Building Description Hammond-Harwood House, Annapolis Maryland

The Hammond-Harwood House is a symmetrical brick building with a five-bay center section, flanked by two-story end wings with polygonal bays. The left wing, shut off from the main house, was used as a law office by Hammond. Kitchen and service rooms were housed in the right wing. The main body of the house is a simple rectangular block with hipped roof and slightly projecting pedimented pavilions on both the street and garden sides, decorated only by a beltcourse of rubbed brick at the second story level. All the windows are widely spaced and cleanly cut into the wall surface with only a rubbed brick lintel above each opening as decoration. Attention is focused on the central entrance bay by the second-story window with a classical surround and full entablature, visually supported by projecting consoles. Below the window the main, door, with its arched fanlight framed by engaged Ionic columns, creates the major focal point of the facade. It is unusually rich in the variety of ornamental forms. An egg and dart border surrounds the door and fanlight, joining them visually into a unit. Garlands of roses fill the spandrels between the fanlight and the architrave of the crowning pediment, with its ribboned laurel on the pulvinated frieze.
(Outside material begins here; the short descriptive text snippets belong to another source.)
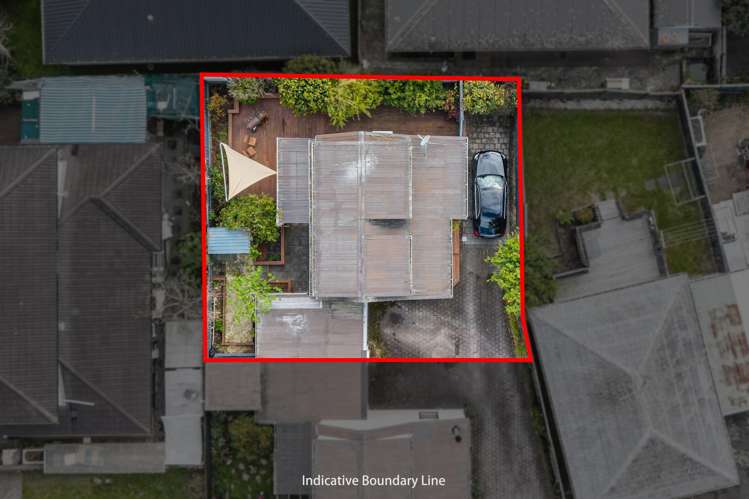 187D Mount Wellington Hw Mt Wellington_18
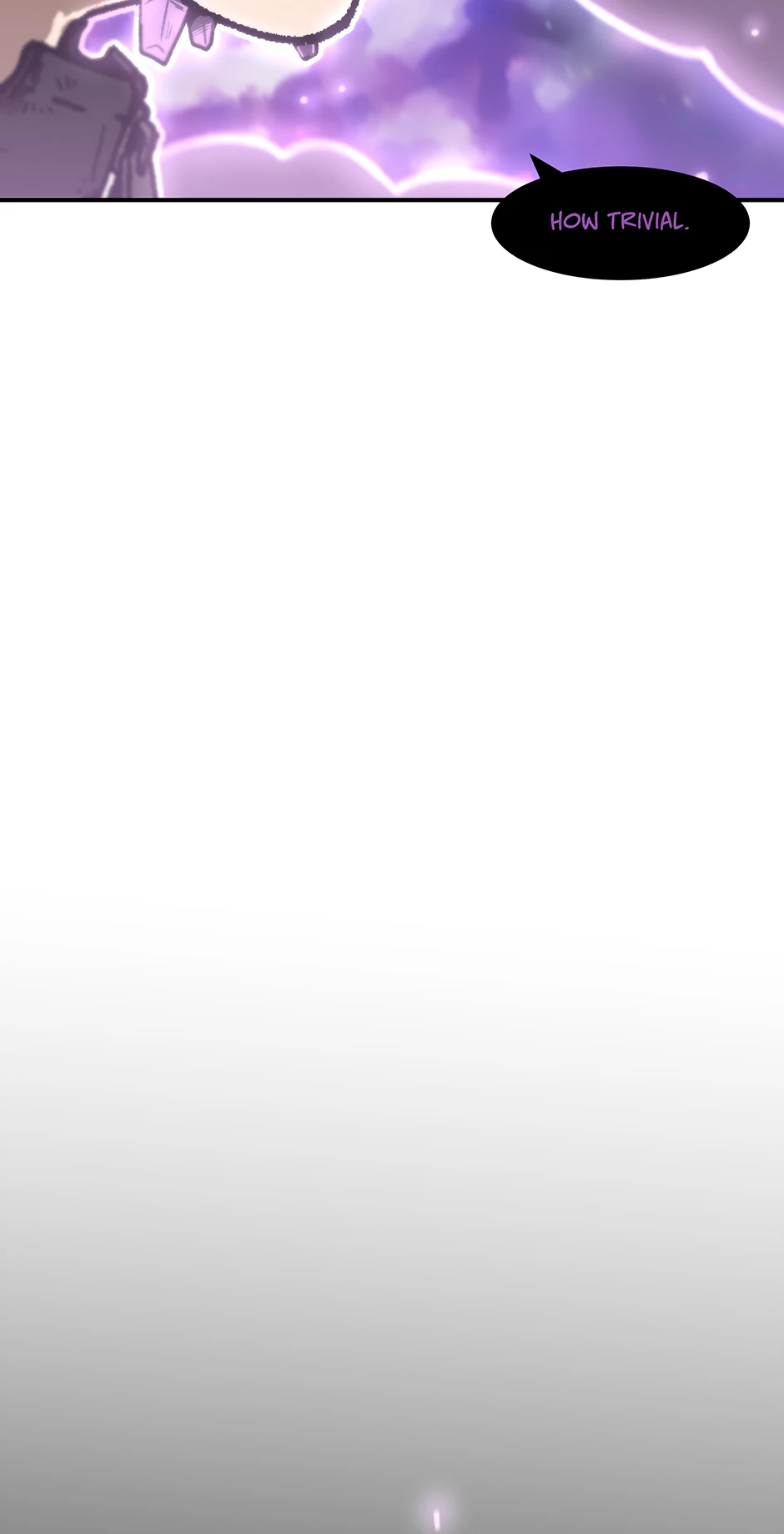 Read Leveling Up Alone EN Manga Online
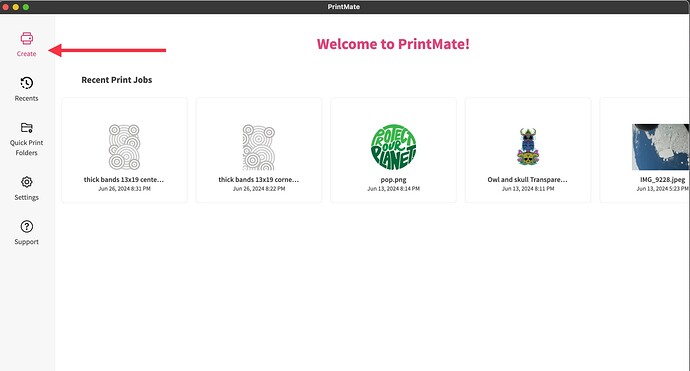 PrintMate1
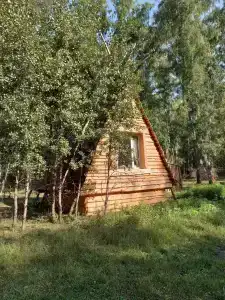 Веселая ферма - 14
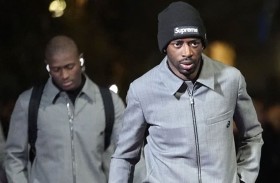 تفاصيل الساعات الأخيرة في مفاوضات «بي إس جي» مع ديمبيلي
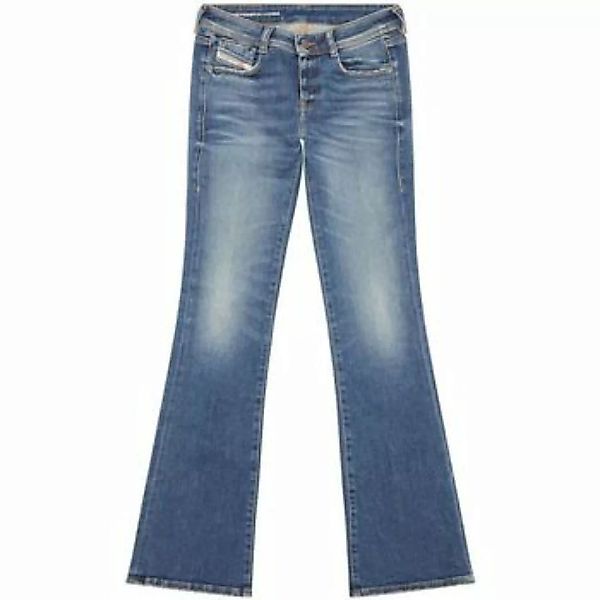Diesel  Jeans 1969 D-EBBEY - A11003-09G71-01 günstig online kaufen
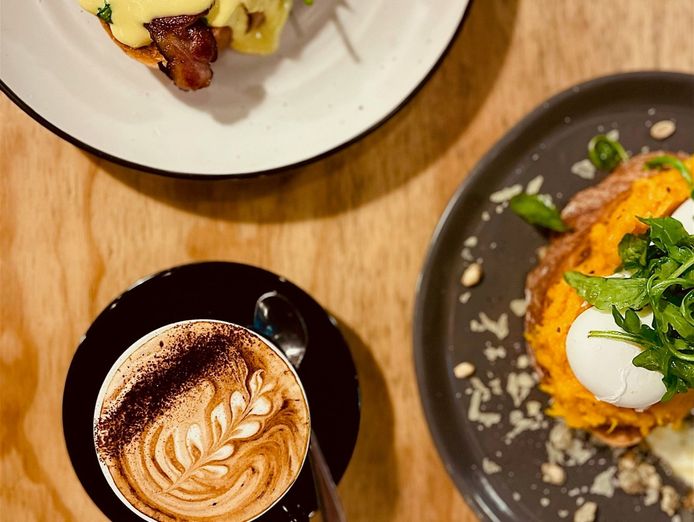 one-of-the-best-cafe-39-s-you-will-see-devonport-tas-perfect-0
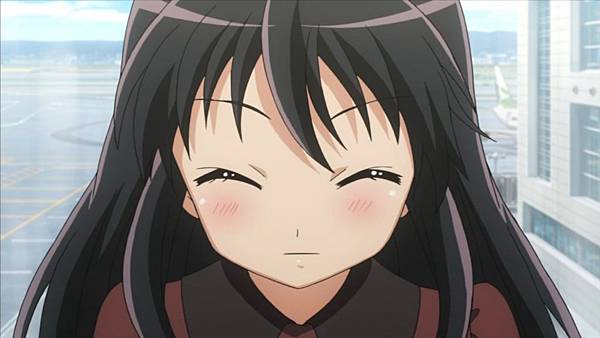 Shakugan_No_Shana_III_17best1.jpg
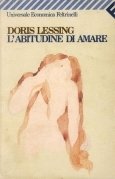 Abitudine di amre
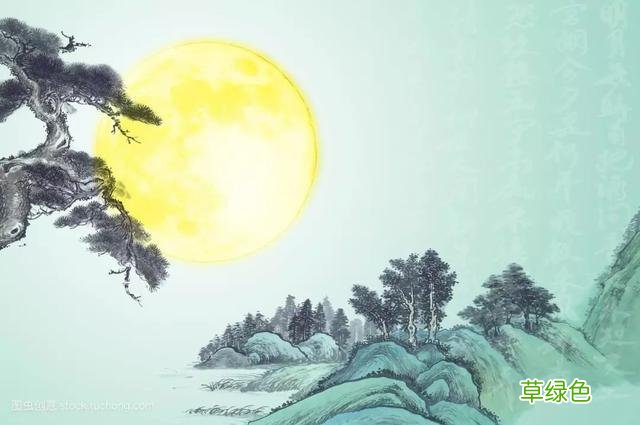 看完了这篇文章，你也可以成为算命大师，为你身边人卜算吉凶！ 怎么八卦算命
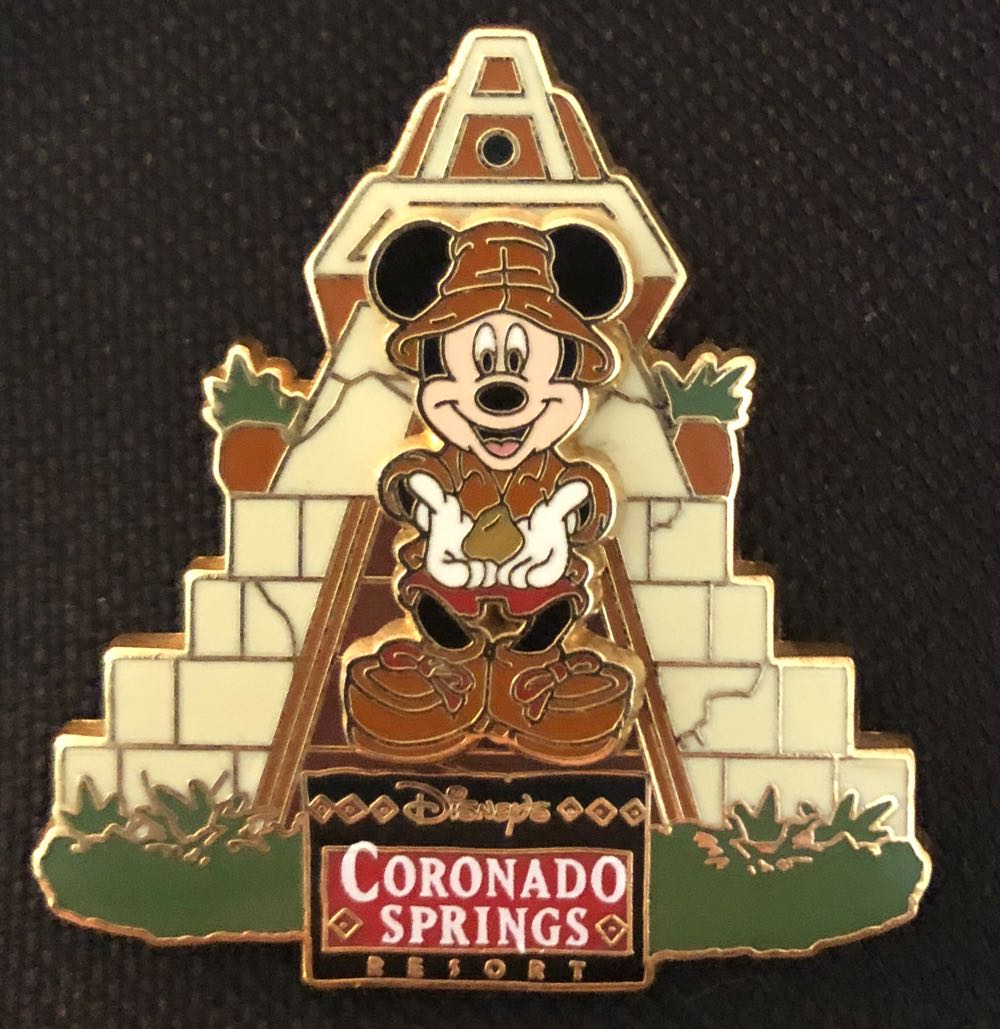 N F L - Miami Dolphins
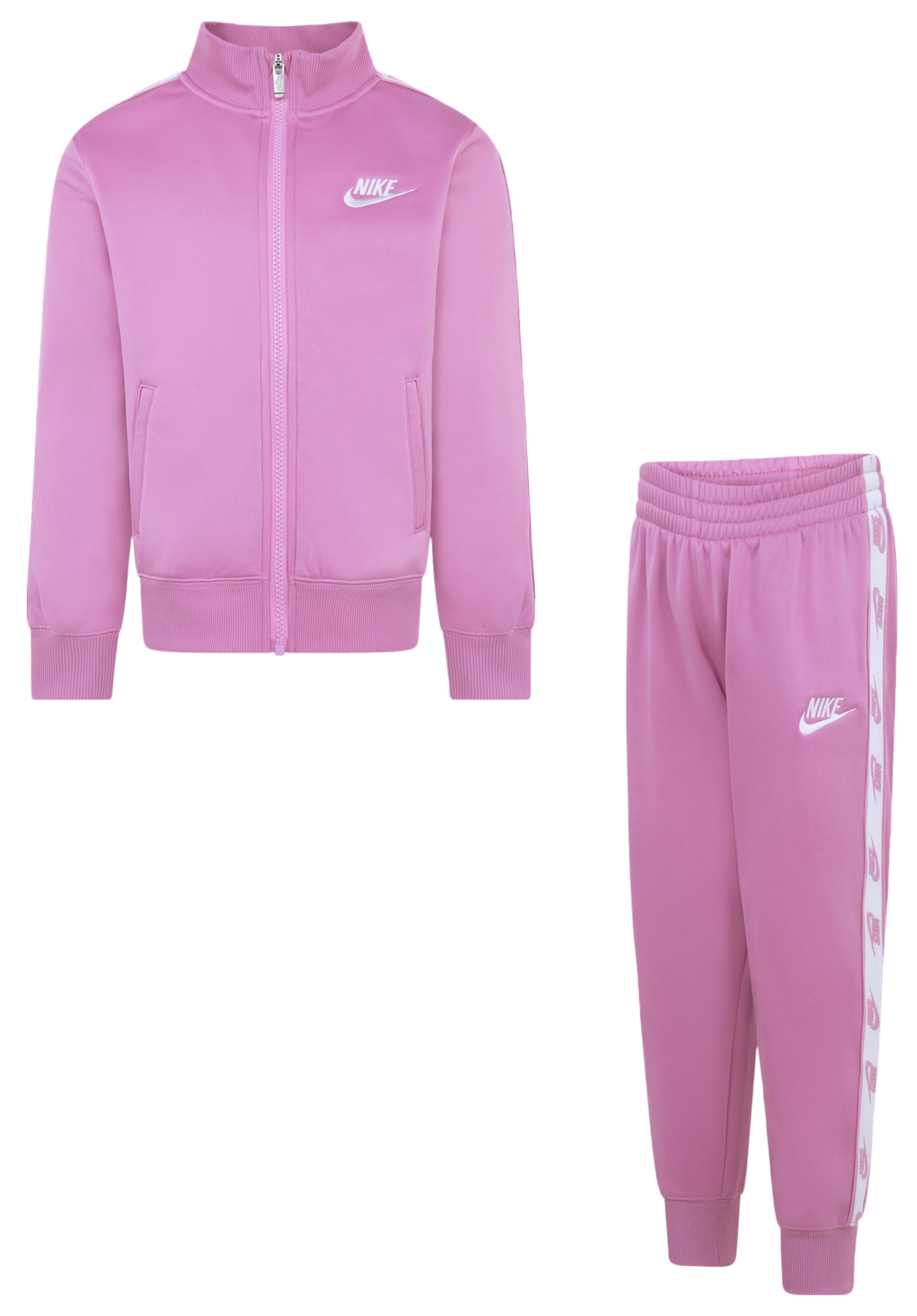 Nike NSW Tricot Set | Kids Foot Locker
On the interior, no two rooms are identical in size, but an occasional use of false doors maintains the appearance of perfect symmetry. The two chief rooms are the dining room on the first floor and the ballroom above it. The windows of the dining room overlook the garden. One of the most unusual features is the door, cut into the paneling below the right window to form a door opening onto the garden. Here the desire for academic symmetry becomes most evident. This opening is treated like a window on the interior, although the dado panels are hinged to serve as a door. Outside, it is treated like a door, being on the central axis of the house and serving as a focus for the rear pavilion with its four giant pilasters of brick, topped by a rich pediment. The interior shutters are carved with resetted octagons, alternating with plain, elongated octagons, a motif used elsewhere by Buckland. A modillioned cornice, successfully scaled to the size of the room, completes the refined elegance of the dining room. Plain plaster walls and ceiling serve as a good foil to the elaborate detail. The fireplace and overmantel motif can be traced to Abraham Swan's British Architect, but the relationship is found only in the basic form. Buckland's imaginative treatment of established designs is very different from the dry copying of lesser craftsman, adding a variety and beauty of natural forms which contribute greatly to the value of the entire building. The large ballroom above the dining room has an unusually light and elegant cornice with small dentils in place of the heavier modillions. Below this is a delicate frieze of flutting alternating with small carved foliate panels. The main stairs, set at right angles to the main hall, have a gracefully curving banister, with the curl at the newel post echoed in the shape of the first step.

The building has remained essentially unaltered. Replacement of wooden steps and railing with a stone and iron one are the only exterior changes. A small brick appendage added at the southwest end blends well xjith the old buildings. Restoration of the kitchen and installation of modern heating were the only interior alterations.